• [Problem description] Would you return, word for word, the lines running from the one with "Базар головоломок по" to the final line of the listing below, pictures omitted?

Dataset excerpt Block Start

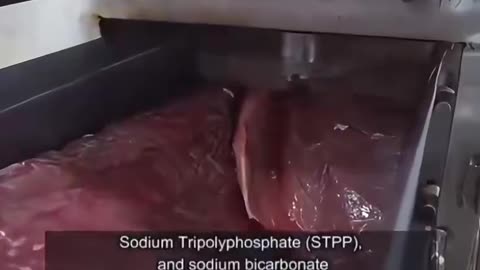 In American grocery stores we have tuna that is a bright red color. It looks fresh, but it’s fake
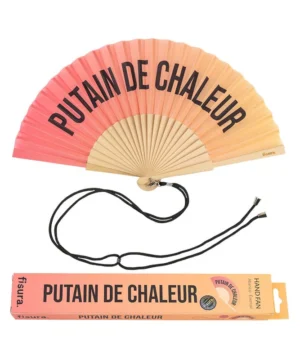 Éventail “Putain de chaleur” L’accessoire anti-canicule avec du caractère, Fisura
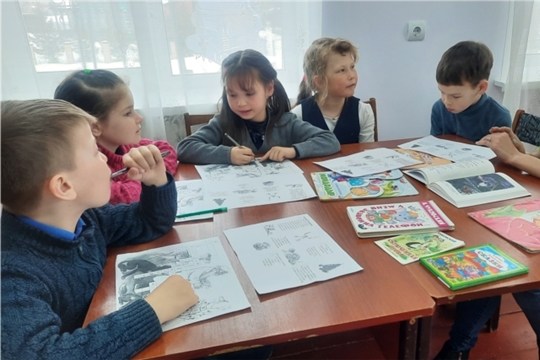 Базар головоломок по произведениям К. И. Чуковского «Добрый дедушка Корней» в Б.Карачкинской с/б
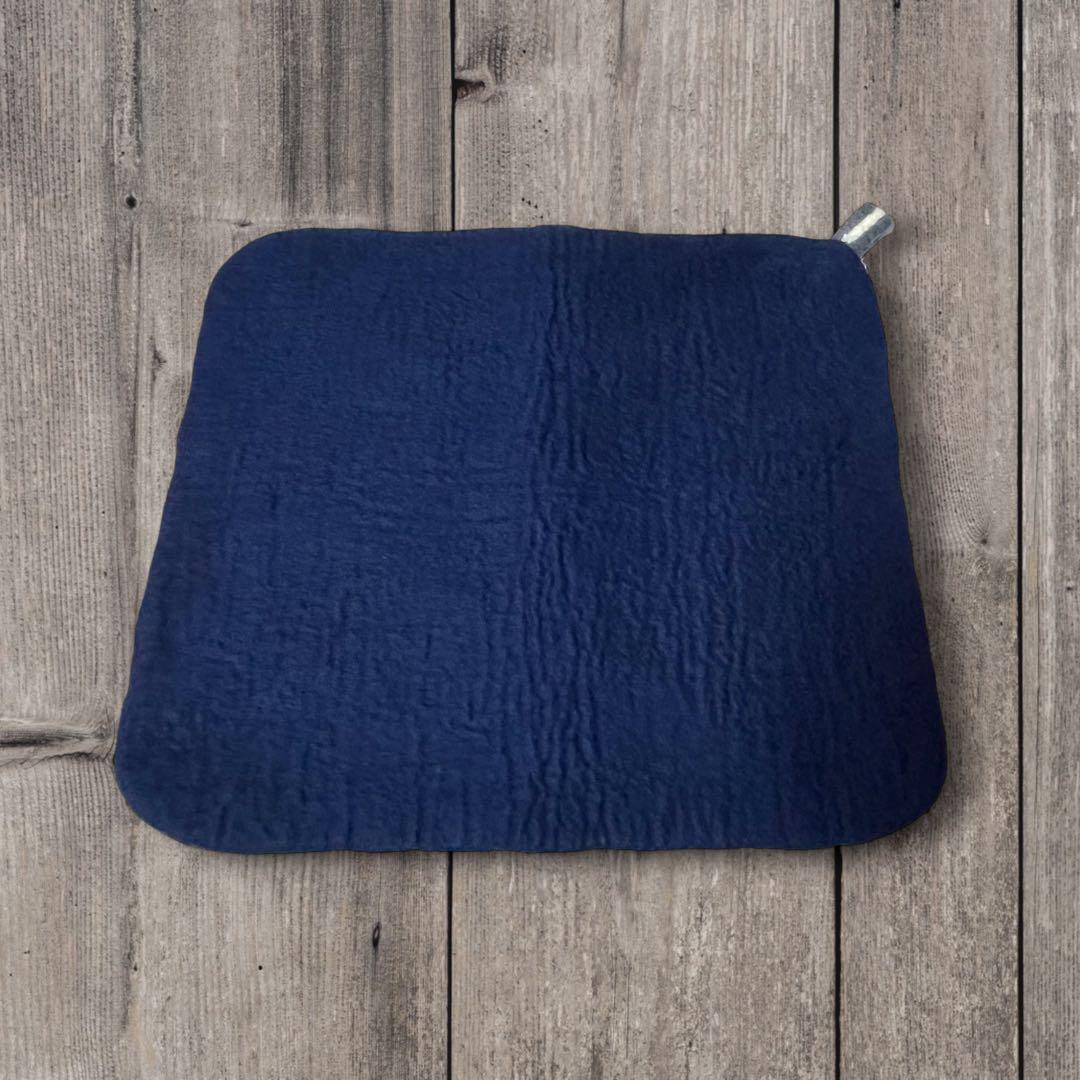 Sauna Mat Navy / 100% Merino Wool Felt Mat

Dataset excerpt Block End

• [Task solution]
 Базар головоломок по произведениям К. И. Чуковского «Добрый дедушка Корней» в Б.Карачкинской с/б
 Sauna Mat Navy / 100% Merino Wool Felt Mat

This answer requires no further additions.